Extracted data entries
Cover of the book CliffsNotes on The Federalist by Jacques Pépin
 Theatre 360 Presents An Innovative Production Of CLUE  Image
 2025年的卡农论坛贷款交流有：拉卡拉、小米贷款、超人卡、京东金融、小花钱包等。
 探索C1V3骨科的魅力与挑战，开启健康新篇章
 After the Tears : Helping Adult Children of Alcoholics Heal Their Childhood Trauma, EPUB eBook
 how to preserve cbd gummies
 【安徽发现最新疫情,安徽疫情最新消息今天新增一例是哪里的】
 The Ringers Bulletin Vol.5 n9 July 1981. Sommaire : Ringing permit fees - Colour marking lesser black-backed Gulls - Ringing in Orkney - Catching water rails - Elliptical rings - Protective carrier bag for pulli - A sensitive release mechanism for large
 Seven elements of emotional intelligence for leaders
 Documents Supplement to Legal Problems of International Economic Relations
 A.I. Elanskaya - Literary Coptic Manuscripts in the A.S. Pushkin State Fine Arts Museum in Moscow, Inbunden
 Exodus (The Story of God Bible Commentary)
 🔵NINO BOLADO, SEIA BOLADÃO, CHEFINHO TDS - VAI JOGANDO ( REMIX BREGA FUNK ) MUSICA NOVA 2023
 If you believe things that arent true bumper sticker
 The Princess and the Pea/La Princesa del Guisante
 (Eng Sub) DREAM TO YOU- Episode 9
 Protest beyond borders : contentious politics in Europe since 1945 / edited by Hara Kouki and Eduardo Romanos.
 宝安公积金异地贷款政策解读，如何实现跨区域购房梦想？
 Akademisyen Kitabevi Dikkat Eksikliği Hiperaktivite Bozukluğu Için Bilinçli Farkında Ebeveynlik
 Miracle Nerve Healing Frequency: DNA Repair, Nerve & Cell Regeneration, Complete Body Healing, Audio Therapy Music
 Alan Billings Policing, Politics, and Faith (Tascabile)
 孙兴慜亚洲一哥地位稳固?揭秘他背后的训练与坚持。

[What is expected]: From the entries above, print the lines beginning at the one with "Exodus (The Story of God Bible Commentary)" and stopping after the one with "(Eng Sub) DREAM TO YOU- Episode 9", exactly as written and with nothing else.

[Response below]:
 Exodus (The Story of God Bible Commentary)
 🔵NINO BOLADO, SEIA BOLADÃO, CHEFINHO TDS - VAI JOGANDO ( REMIX BREGA FUNK ) MUSICA NOVA 2023
 If you believe things that arent true bumper sticker
 The Princess and the Pea/La Princesa del Guisante
 (Eng Sub) DREAM TO YOU- Episode 9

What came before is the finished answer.